L’histoire débute ainsi. Sur une table d’acajou, les mikados, jetés pêle-mêle, attendent qu’une main délicate les délivre un à un. Ils livreront alors leurs secrets au jeune homme et à la jeune fille qui s’apprêtent à jouer, ainsi qu’au petit garçon qui écoute, si attentif et si curieux.
Dans le plus grand silence, le jeu commence. Les doigts de la demoiselle, longs et agiles, extraient le premier des mikados. Voici son secret :
parc zoologique —
entre ombres et lumières
quelques zèbres
Le garçonnet dresse l’oreille. Le zèbre est l’un de ces animaux préférés. Il la trouve géniale, cette histoire !
Peu à peu, les mikados libérés lui décrivent ses mercredis. Ces jours-là, il emprunte le RER pour se rendre à son cours de dessin, avant d’aller déjeuner au Mac Do et de faire un footing, avec ses copains.
Ah ! Le jeune homme vient d’en prendre un autre ! Celui-là est moins drôle. Il lui rappelle la fin des vacances et la mer si bleue, mais désormais si lointaine.
fin des vacances —
le bleu de la mer
dans le rétroviseur
Une légère tristesse l’envahit. Il aurait tant besoin d’un rayon de soleil qui le réchaufferait, comme l’été dernier, quand, allongé sur le sable, il s’amusait à voir des images dans les nuages.
L’histoire se poursuit. Sur la table, il ne reste que six mikados cachant leurs secrets. A la lecture de quatre d’entre eux, des mots résonnent dans sa tête.
Le cosmos l’entraîne vers un long voyage, au-delà du système solaire, à travers les galaxies et jusqu’aux confins de l’univers.
Le silence, la nuit, lui fait peur ! Souvent il se réveille et ne peut se rendormir, tant la maison sans bruit l’inquiète.
Seul sur la plage, un vrai cauchemar ! Que deviendrait-il, abandonné, si fragile face à l’immensité de l’océan ?
Enterrement, il le connaît ce mot. Il a gardé en mémoire ce terrible souvenir. Celui de sa grand-mère enfermée dans un cercueil qui descendait au fond de la terre. Ce jour d’hiver, il avait compris qu’il ne la verrait plus jamais.
Des deux mikados restants, l’histoire ne dit pas qui, de la jeune fille ou du jeune homme, s’empare de l’avant-dernier et du dernier. Simplement, les mots qu’ils contiennent réveillent en lui, malgré son jeune âge, une souffrance. Alors, lorsqu’il entend :
à l’infini
tombent les flocons —
jamais je ne t’oublierai
dîner seul
avec 1000 amis
sur Facebook
il repense à ce jour où ils sont partis, sa mère d’un côté, son père de l’autre.
L’histoire s’achève. Nul ne sait qui, de la jeune fille ou du jeune homme, a mis fin au jeu de mikados, ni lequel des deux a gagné ou perdu. On sait seulement qu’ils ont joué ensemble pour la dernière fois.

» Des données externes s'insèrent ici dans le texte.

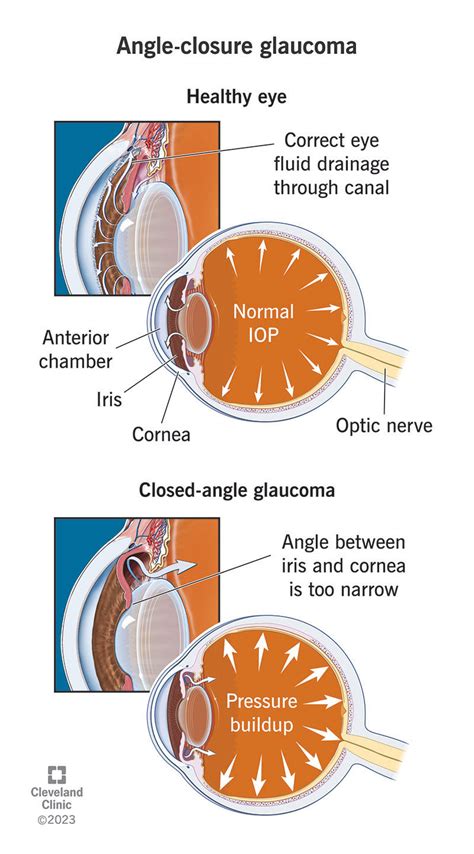 Angle-Closure Glaucoma: Symptoms & Treatment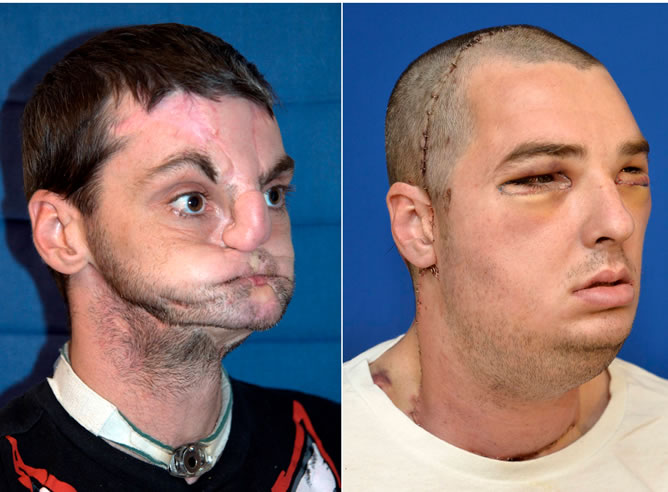 Norris tenía 22 años cuando un accidente con un arma de fuego le dejó con el rostro hundido y sin labios, nariz y la parte delantera de la lengua.
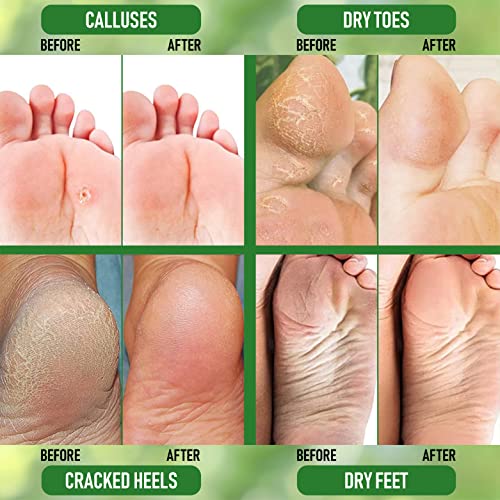 Urea 20% Healing Cream 4 oz - Best Callus Remover - Moisturizes and Rehydrates Hands, Feet and Knees to a Healthy Appearance - Soothes and Softens Thick, Cracked, Rough Dead and Dry Skin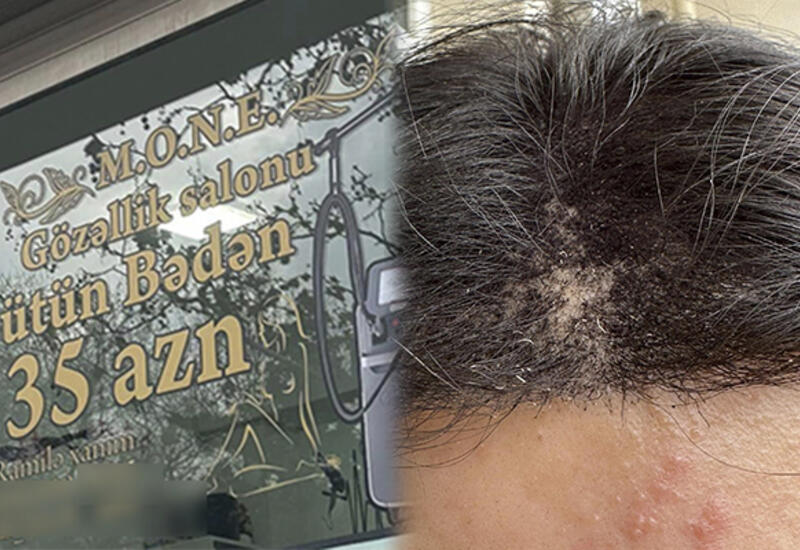 Gözəlləşmək üçün salona gedən qadının başına iş gəldi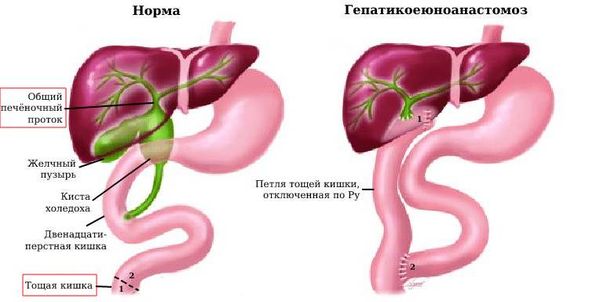 Гепатикоеюноанастомоз 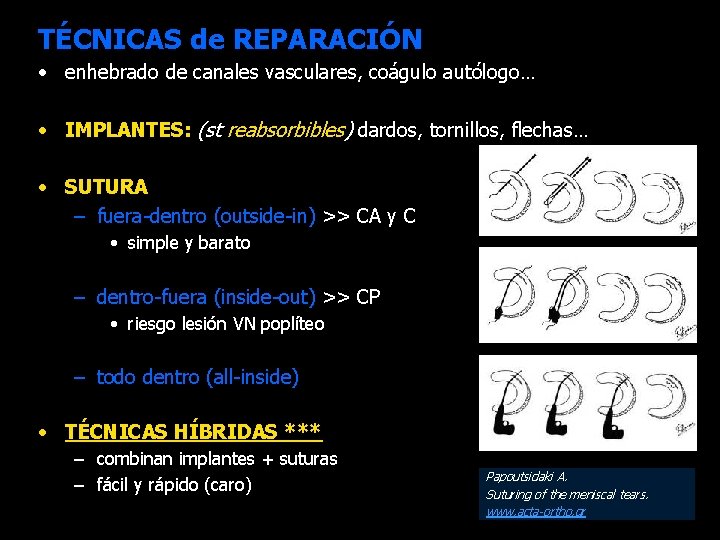 TÉCNICAS de REPARACIÓN • enhebrado de canales vasculares, coágulo autólogo… • IMPLANTES: (st reabsorbibles)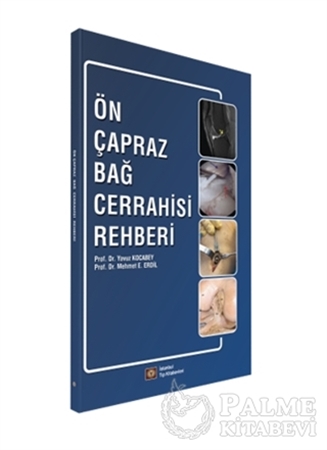 Resim Ön Çapraz Bağ Cerrahisi Rehberi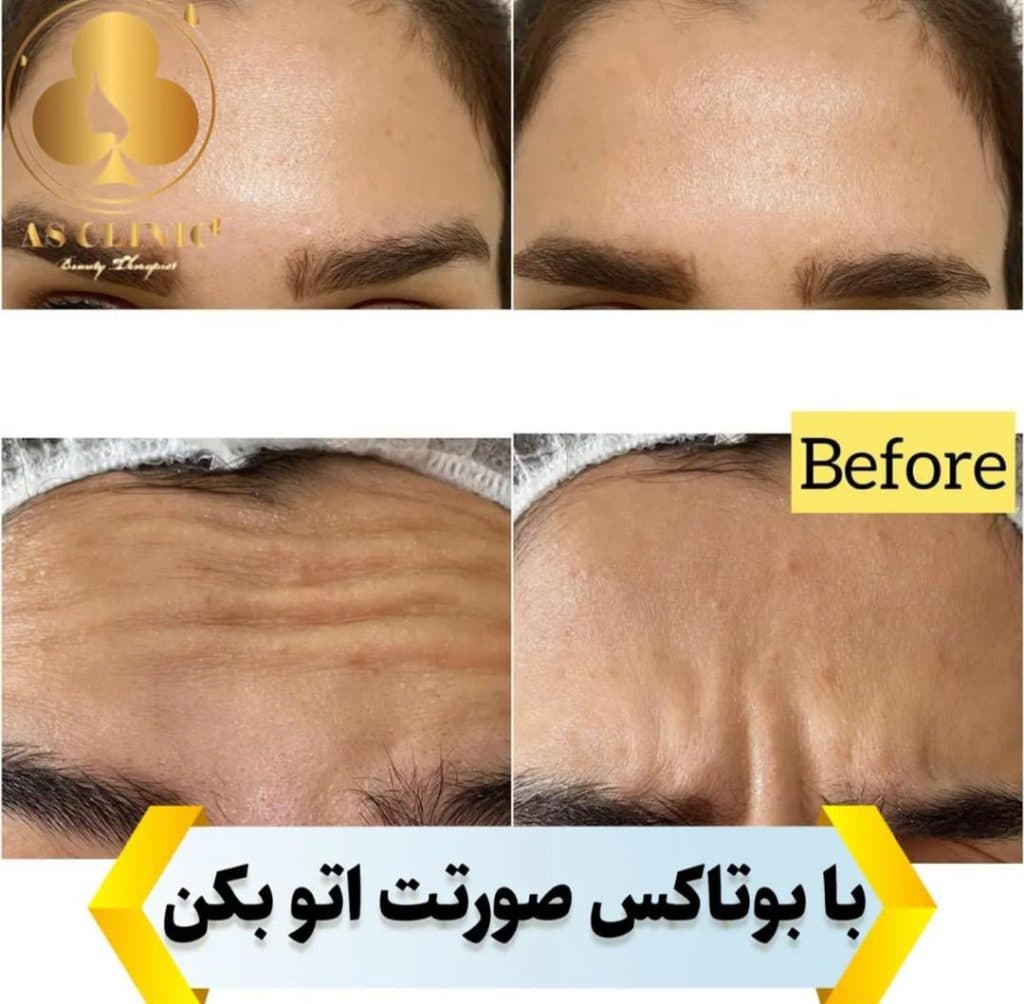 کلینیک زیبایی آس در چهارراه عمار یاسر ارومیه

Le vieil homme se tait. L’enfant reste silencieux. D’un doigt, il essuie ses larmes, au bord des cils. Ce soir, il a grandi.
à la nuit tombée
inquiétant est
le silence
Note : les termes en italique sont extraits des haïkus de Minh-Triêt Pham présentés dans " Journal en Mikado ", Minh-Triêt Pham et Wanda Mihuleac, éditions Transignum, Paris, 2015. Les cinq haïkus sont de Minh-Triêt Pham et sont extraits du " Journal en Mikado ".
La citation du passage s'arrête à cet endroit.